## EXTRACTED RECORDS
--- --- ---

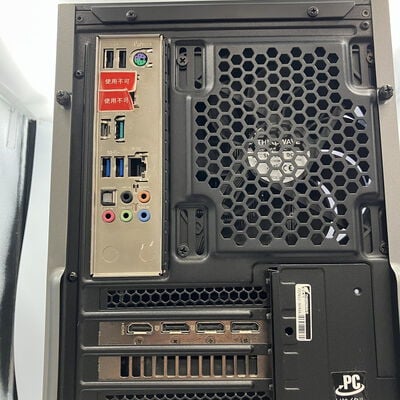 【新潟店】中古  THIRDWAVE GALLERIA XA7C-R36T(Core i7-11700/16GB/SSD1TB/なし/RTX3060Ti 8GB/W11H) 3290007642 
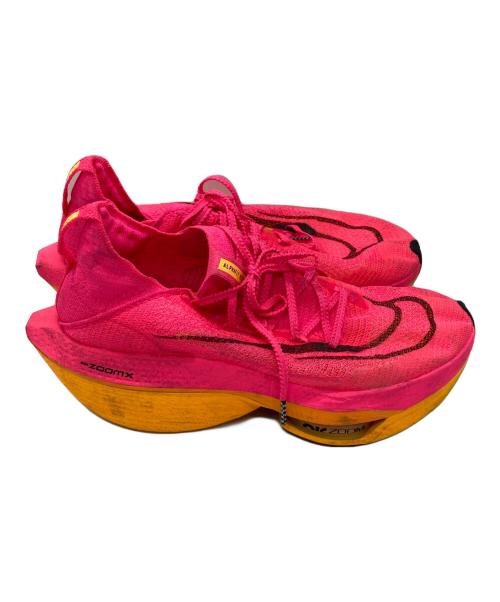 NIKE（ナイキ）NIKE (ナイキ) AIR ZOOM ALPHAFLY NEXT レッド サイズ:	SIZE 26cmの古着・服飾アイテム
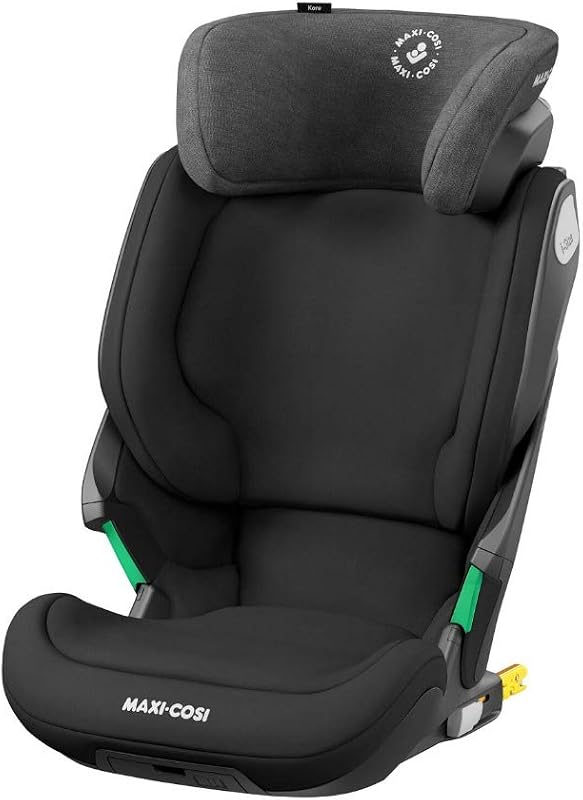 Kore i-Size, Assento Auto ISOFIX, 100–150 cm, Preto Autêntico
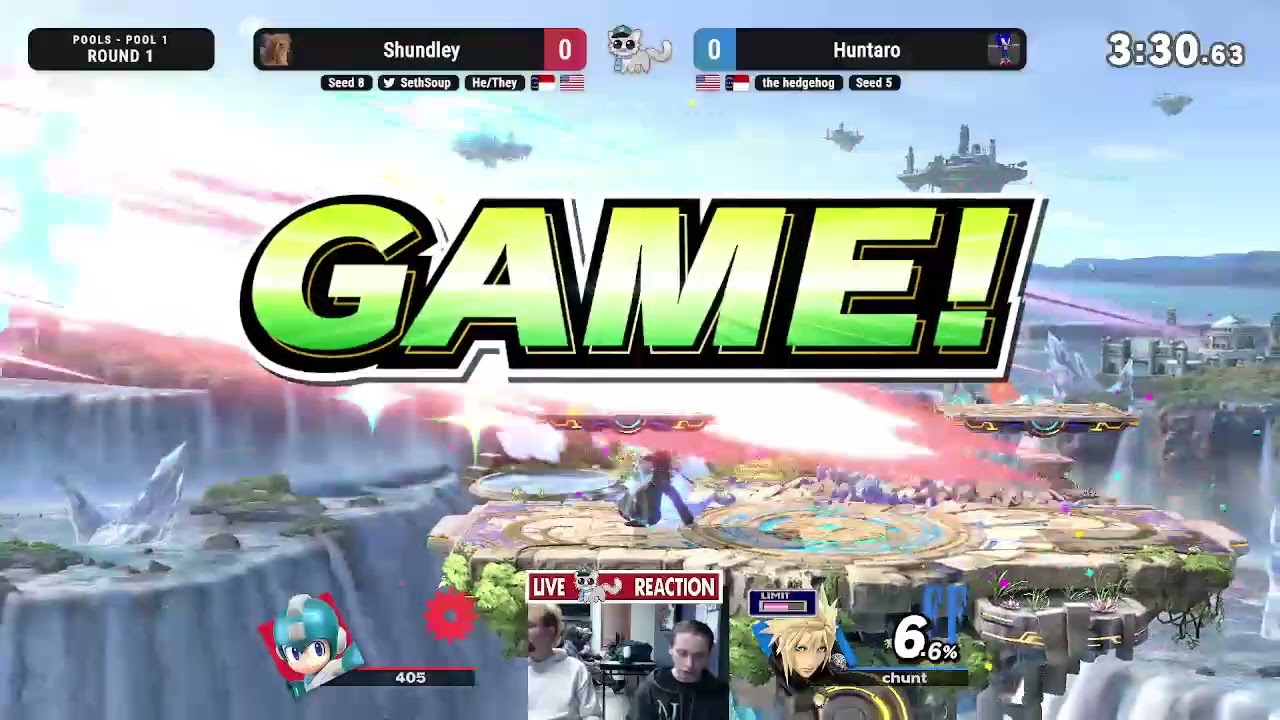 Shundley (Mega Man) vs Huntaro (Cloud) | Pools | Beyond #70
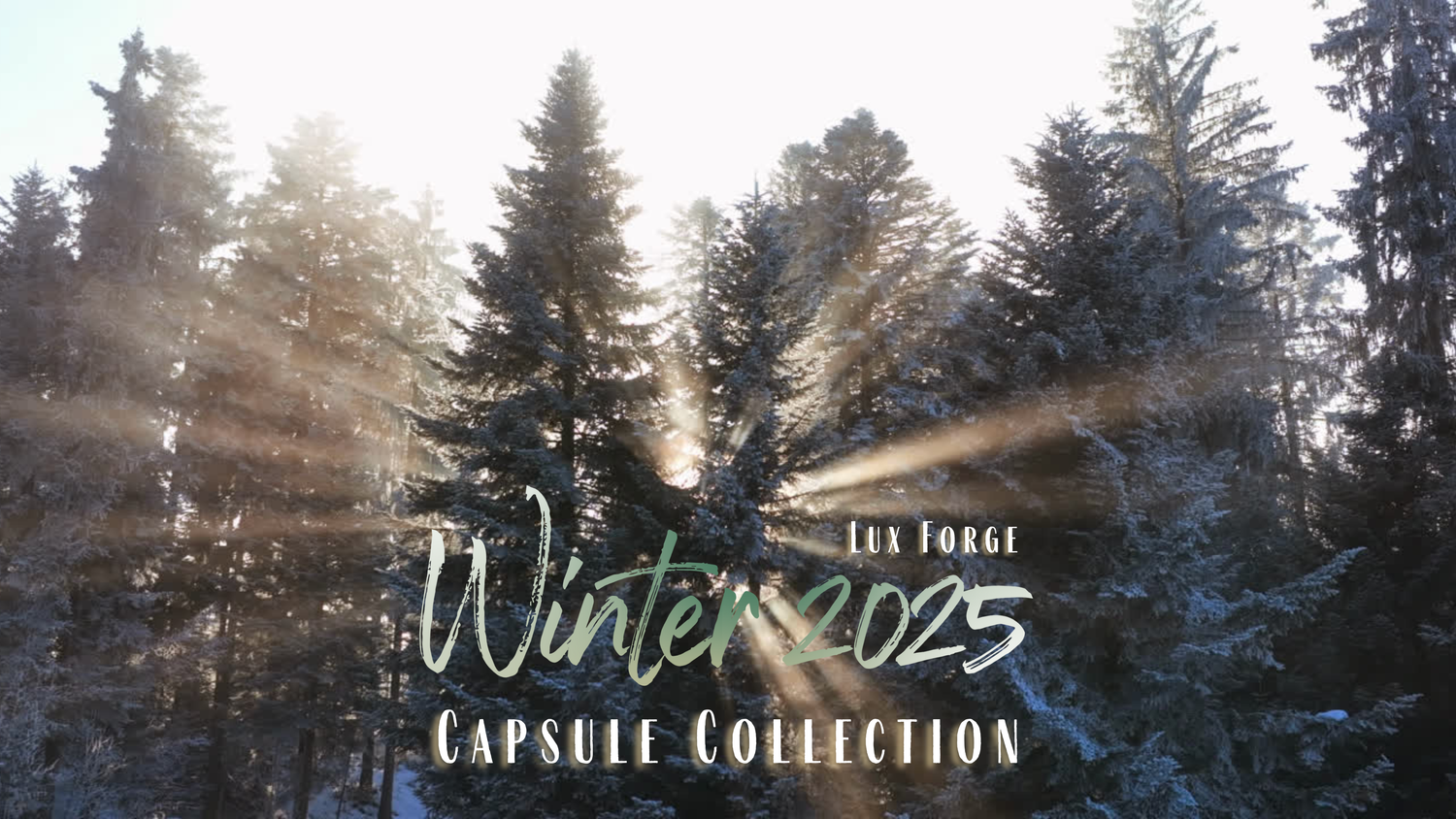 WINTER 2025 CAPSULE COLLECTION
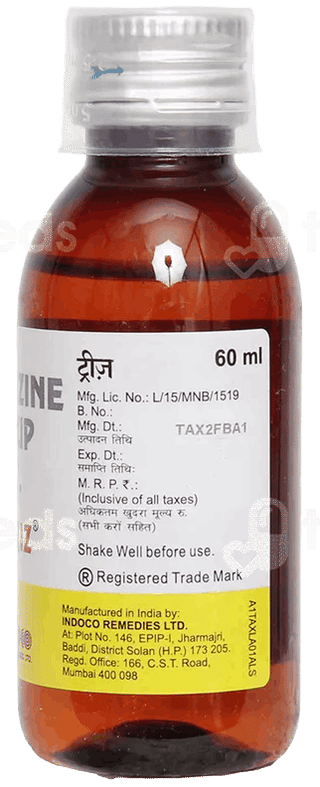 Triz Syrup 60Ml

--- --- ---

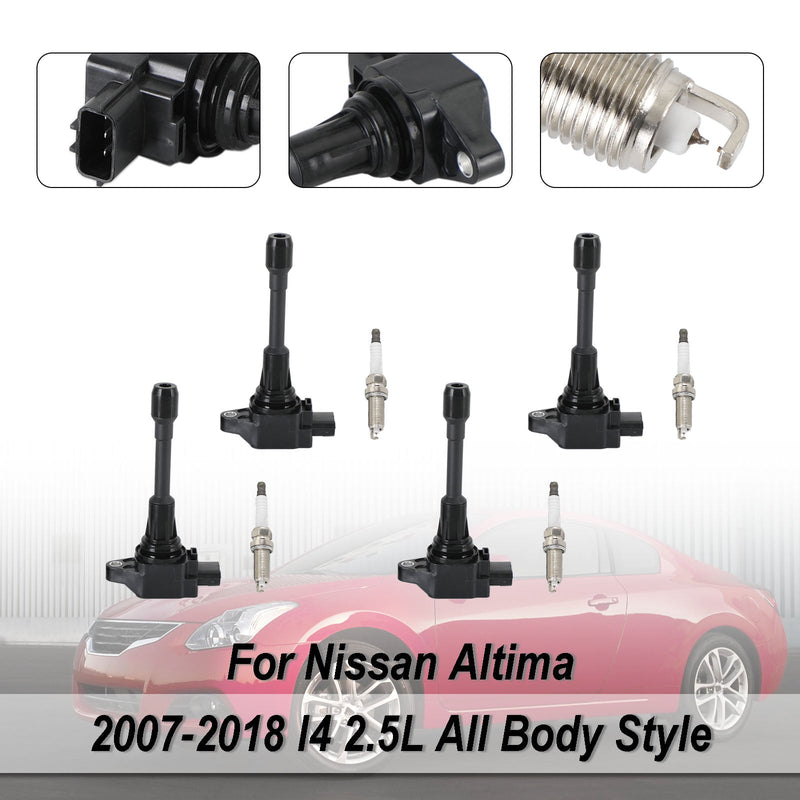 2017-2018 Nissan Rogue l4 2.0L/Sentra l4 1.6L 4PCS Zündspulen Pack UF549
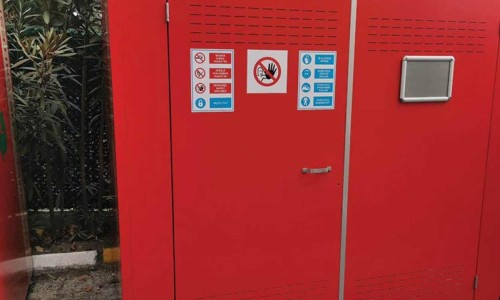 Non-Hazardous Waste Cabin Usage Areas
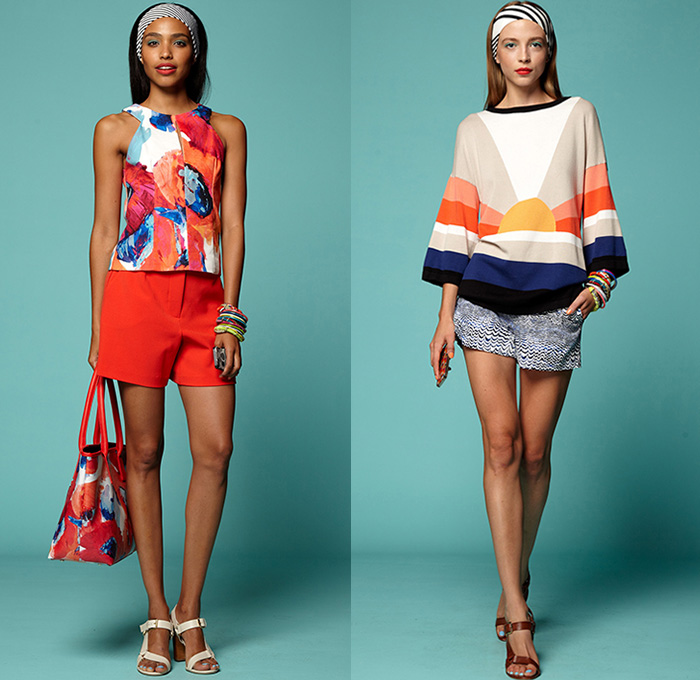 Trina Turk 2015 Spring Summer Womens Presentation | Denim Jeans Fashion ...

--- --- ---

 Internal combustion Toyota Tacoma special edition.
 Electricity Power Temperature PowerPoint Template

--- --- ---

## WHAT IS NEEDED
From the material above, output only the span of lines that starts at the one containing "Non-Hazardous Waste Cabin Usage Areas" and finishes at the one containing "Trina Turk 2015", word for word and free of pictures.

## ANSWER TO THIS PROBLEM
 Non-Hazardous Waste Cabin Usage Areas
 Trina Turk 2015 Spring Summer Womens Presentation | Denim Jeans Fashion ...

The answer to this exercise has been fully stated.